Voici donc une liste non exhaustive des aberrations qu’on peut trouver dans le porno lesbien :

  • Les filles avec d’immenses faux ongles : demandez à n’importe quelle lesbienne (ou bi/pan), les ongles en bas ça fait MAL. Pour les personnes dépourvues d’une vulve, imaginez un toucher rectal fait par Freddie Kruger.

  • Les scènes où les filles ne font que s’embrasser et se touchent du bout des doigts en gémissant : même si on est très sensibles, il est tout de même rare d’avoir un orgasme après 3 secondes de masturbation visiblement malhabile (comme quoi il n’y a pas que les hommes qui ont du mal à trouver un clitoris)
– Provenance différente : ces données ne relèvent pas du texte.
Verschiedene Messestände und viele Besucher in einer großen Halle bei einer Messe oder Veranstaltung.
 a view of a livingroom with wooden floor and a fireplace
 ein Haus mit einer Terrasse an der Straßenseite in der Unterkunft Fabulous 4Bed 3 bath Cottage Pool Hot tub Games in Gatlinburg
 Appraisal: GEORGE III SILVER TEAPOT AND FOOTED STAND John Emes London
  • Deux filles s’occupent en attendant l’arrivée d’un plombier doté d’un tuyau impressionnant : peut-être faut-il le rappeler mais le concept d’être lesbienne implique de ne pas vouloir d’homme dans son lit.

  • La fameuse scène des ciseaux : c’est le cliché le plus répandu sur la sexualité lesbienne et il est temps de rétablir la vérité : l’immense majorité des lesbiennes ne pratique pas les « ciseaux », c’est inconfortable et demande beaucoup d’effort pour peu de plaisir.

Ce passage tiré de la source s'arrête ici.